Em outro extremo desse cálculo, não há contribuição do militar para a reserva remunerada ou para a reforma militar, pois eles somente contribuem com 7,5% para a pensão de dependentes, inclusive de suas filhas, que não casam nem se empregam para não perderem essa benesse.
Ainda quanto à pensão, é preciso dizer que ela foi extinta para as filhas dependentes de militares que ingressaram depois da MPV 2.225/01, mas ainda continuam a ser concedidos para as filhas dos militares que ingressaram até 31/12/2000, ou seja, em pleno século XXI, estamos dizendo que elas são discriminadas socialmente e que não podem se empregar ou que têm dificuldade de manter relação conjugal em razão da atividade do pai militar.

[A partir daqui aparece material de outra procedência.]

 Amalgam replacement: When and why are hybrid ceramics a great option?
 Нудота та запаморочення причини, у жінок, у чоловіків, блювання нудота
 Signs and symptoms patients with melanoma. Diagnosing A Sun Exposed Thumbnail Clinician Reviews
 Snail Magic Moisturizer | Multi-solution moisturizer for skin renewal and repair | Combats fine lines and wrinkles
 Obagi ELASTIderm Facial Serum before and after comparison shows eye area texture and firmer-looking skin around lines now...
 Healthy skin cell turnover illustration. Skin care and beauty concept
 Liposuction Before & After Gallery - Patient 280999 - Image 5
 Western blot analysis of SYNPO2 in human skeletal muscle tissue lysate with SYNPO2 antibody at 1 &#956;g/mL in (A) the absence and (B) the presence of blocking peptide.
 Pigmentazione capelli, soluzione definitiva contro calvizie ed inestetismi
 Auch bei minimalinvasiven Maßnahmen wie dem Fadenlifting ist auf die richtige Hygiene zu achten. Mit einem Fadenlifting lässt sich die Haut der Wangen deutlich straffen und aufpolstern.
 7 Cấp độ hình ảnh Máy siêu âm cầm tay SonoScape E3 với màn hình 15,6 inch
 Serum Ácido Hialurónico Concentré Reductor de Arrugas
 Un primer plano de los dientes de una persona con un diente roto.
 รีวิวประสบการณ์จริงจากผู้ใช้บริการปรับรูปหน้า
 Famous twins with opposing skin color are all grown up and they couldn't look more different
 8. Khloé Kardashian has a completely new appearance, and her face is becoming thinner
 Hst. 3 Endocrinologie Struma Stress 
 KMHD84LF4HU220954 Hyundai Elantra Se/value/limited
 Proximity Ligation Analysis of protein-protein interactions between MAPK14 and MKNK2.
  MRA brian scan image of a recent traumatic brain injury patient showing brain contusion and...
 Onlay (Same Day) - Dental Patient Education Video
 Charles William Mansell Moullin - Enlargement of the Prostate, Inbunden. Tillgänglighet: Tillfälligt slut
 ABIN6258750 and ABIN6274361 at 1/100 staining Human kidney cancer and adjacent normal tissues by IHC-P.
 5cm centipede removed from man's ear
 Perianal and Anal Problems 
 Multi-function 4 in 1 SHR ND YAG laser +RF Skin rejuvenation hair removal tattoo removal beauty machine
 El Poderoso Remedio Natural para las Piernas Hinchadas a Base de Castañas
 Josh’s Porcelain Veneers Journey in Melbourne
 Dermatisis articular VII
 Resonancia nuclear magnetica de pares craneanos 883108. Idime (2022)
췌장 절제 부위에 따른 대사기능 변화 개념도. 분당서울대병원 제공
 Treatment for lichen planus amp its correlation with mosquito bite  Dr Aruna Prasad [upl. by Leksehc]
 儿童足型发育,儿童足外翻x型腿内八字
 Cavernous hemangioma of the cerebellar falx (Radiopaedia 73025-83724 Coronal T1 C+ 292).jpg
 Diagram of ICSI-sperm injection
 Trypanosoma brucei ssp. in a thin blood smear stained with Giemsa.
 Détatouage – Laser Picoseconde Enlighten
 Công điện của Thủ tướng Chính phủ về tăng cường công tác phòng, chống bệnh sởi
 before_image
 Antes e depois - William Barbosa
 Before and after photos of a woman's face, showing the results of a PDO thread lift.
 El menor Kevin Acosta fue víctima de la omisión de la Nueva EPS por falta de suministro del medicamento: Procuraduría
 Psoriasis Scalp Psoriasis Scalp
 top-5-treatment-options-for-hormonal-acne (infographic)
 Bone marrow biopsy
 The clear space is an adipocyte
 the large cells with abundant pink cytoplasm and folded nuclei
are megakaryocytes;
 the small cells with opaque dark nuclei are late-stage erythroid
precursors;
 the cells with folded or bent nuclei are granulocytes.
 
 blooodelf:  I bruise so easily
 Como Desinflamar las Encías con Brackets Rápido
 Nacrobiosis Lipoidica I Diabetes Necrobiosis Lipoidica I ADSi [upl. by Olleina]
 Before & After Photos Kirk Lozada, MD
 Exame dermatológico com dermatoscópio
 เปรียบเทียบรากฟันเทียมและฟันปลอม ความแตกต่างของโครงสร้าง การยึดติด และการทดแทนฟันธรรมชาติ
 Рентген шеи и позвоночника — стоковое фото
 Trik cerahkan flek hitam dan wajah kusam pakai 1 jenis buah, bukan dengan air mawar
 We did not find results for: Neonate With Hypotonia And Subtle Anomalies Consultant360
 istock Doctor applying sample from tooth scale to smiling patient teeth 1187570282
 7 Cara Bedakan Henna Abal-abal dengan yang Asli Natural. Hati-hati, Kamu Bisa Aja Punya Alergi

Esse privilégio poderia ter sido cortado desde 1º de janeiro de 2001 para qualquer pedido posterior, mas foi mantido até hoje pela citada MPV para os que ingressaram antes de 2001 (Art. 32. Ficam assegurados os direitos dos militares que até 29 de dezembro de 2000, contribuíam para a pensão militar correspondente a um ou dois postos ou graduações acima da que fizerem jus).
Registre-se que, além de não fazerem a reforma previdenciária dos militares, mandaram proposta de reestruturação da carreira, com aumento no valor dos soldos.
Observe que a reforma previdenciária dos militares poderia ser feita por lei ordinária e até por medida provisória, como foi a última alteração no regime da categoria (MPV 2.215/2001), mas o Planalto não tem o mesmo ímpeto que tem contra o servidor civil. Por que será?
A reforma desnecessária do regime previdenciário dos servidores civis, tocada a todo vapor por impulso do mercado e da grande mídia, seria forma de jogar nas costas do servidor civil o déficit total do sistema, causado pela ausência de contribuição e pelas regras frouxas de reserva, reforma e pensão dos militares, pelas opções do Estado em não repor os quadros do servidor civil e pela adoção, desde 2012, do regime de capitalização na previdência do servidor civil da União (Lei 12.619/12).
Veja que impressionante, o servidor civil da União já está no sistema de capitalização desde 2012 e com aplicação de normas mais graves do que as aplicáveis ao segurado do RGPS, uma verdade que o governo não fala.
As mentiras contadas mil vezes se tornarão verdade se aprovada a “nova Previdência” em prejuízo do servidor público civil da União, com a supressão e aviltamento de direitos adquiridos ao longo de uma geração, posto que ela — a reforma, com instituição do regime de capitalização e corte de privilégios — já foi feita e está em implementação.